• [TRY IT] In the material below, count the lines with the word "place" and state that number only.

• [DATA RECORDS]

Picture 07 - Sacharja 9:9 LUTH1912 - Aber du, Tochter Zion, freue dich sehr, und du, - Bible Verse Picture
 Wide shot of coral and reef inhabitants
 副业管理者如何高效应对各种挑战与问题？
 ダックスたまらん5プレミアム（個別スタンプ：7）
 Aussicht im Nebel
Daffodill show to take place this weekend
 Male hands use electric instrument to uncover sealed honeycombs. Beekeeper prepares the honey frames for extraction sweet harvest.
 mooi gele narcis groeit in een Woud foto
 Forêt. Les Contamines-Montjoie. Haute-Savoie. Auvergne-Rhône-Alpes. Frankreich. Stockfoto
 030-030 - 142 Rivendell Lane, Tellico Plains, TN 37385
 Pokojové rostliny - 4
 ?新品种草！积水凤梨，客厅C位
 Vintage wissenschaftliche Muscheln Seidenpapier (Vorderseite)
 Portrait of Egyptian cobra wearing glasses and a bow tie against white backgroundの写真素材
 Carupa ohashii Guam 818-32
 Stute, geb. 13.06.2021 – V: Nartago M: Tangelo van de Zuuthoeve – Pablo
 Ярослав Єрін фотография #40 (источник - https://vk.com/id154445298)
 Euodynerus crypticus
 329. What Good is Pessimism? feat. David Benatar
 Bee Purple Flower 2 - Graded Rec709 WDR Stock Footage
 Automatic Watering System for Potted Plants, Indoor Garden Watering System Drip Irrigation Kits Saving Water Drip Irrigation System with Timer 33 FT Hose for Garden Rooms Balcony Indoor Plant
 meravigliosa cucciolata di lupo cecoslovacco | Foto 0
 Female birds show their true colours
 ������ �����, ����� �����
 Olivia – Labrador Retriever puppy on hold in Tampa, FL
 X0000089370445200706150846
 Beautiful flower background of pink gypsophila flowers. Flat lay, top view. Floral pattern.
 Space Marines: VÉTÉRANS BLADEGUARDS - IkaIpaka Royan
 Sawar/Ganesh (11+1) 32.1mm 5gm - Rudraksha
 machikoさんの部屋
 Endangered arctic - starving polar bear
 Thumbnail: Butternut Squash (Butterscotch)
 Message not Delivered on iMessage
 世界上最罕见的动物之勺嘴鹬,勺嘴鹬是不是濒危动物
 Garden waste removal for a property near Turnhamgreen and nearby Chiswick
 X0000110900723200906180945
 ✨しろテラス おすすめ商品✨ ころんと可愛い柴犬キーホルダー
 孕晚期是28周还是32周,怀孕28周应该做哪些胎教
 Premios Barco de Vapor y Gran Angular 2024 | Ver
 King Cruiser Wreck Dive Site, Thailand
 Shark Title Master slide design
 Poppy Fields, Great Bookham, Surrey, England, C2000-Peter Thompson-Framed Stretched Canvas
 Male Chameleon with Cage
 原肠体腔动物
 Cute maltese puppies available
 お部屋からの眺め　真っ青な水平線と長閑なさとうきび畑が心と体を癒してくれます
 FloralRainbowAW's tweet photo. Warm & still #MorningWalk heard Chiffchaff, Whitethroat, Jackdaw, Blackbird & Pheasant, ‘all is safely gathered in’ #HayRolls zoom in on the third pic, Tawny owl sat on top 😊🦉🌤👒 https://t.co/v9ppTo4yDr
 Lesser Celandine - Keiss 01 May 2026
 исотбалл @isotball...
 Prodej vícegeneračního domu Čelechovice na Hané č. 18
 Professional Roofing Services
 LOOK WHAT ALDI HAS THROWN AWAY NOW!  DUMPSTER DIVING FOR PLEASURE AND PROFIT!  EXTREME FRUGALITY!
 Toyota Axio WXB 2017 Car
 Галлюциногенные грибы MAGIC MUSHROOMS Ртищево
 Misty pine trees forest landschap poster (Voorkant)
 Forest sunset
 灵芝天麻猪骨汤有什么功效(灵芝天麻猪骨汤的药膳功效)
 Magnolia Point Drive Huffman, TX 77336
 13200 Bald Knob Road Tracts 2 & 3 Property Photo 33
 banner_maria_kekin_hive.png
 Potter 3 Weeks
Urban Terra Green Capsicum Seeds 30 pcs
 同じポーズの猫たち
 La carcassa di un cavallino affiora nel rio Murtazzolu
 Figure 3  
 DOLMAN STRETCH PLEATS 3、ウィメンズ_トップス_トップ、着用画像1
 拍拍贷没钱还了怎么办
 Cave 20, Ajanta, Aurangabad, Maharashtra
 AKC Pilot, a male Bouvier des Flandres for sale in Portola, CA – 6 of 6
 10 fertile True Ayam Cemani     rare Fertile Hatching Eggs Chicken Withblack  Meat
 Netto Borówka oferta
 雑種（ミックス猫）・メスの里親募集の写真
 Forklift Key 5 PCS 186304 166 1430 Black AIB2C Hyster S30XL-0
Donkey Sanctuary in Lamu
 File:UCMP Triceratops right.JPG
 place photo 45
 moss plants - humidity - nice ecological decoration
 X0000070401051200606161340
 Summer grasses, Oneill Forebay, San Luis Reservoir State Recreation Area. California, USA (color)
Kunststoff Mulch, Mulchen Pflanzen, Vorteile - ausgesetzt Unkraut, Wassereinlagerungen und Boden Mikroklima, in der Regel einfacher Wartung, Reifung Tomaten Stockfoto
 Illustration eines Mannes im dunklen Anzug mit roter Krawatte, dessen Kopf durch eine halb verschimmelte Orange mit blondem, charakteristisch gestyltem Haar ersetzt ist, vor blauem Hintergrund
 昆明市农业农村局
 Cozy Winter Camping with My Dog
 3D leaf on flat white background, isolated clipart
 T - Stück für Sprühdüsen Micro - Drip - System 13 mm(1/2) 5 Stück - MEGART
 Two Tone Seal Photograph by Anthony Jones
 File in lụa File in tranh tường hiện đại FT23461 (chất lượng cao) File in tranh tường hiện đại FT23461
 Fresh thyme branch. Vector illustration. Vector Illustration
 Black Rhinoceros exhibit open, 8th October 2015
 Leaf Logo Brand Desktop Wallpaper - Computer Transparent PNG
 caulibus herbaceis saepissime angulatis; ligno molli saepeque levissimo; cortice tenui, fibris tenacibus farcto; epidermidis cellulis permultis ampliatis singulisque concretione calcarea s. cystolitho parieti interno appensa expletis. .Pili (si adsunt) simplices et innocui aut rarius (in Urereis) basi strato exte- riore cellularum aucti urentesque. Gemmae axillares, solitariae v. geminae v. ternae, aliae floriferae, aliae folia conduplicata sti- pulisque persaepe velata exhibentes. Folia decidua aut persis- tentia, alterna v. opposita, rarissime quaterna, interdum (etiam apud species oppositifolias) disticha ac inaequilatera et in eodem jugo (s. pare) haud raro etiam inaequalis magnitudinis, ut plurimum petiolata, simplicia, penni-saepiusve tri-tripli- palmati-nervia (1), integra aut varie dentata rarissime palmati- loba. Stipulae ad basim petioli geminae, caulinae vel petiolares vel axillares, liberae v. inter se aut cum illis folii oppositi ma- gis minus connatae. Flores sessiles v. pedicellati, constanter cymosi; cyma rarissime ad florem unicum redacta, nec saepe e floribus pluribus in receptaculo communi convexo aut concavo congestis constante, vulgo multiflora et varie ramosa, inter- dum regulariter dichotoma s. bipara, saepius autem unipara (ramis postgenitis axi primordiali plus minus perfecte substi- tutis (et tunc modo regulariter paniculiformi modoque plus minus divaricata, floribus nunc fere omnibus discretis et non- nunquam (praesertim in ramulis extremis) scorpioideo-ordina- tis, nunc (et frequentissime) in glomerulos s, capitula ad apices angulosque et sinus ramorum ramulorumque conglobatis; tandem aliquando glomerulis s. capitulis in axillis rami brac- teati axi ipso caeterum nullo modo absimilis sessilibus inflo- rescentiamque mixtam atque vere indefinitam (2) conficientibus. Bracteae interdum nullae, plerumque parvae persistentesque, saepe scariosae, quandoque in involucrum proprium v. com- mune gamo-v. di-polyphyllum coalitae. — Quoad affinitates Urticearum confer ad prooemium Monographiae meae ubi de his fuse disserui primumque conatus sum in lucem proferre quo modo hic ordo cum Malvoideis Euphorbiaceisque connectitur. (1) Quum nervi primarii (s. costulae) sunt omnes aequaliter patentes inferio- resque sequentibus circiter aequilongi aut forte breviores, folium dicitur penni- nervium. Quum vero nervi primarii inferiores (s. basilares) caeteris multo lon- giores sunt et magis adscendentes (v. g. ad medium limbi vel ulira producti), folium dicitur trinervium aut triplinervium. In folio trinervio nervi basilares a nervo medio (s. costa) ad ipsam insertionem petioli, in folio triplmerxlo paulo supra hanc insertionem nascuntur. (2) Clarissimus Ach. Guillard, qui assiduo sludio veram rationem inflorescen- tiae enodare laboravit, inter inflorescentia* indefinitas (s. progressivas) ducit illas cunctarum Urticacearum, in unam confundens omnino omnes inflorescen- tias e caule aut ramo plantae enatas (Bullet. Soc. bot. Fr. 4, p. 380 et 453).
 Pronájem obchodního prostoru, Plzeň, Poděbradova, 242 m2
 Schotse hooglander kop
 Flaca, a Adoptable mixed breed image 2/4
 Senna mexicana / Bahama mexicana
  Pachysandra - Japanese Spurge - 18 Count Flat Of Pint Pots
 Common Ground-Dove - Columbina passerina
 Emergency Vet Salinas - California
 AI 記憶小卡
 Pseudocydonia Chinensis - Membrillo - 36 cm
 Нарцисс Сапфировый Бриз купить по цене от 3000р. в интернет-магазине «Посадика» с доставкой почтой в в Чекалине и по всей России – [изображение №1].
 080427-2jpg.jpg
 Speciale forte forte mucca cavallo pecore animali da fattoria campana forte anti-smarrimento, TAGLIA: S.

• [RESULT] 2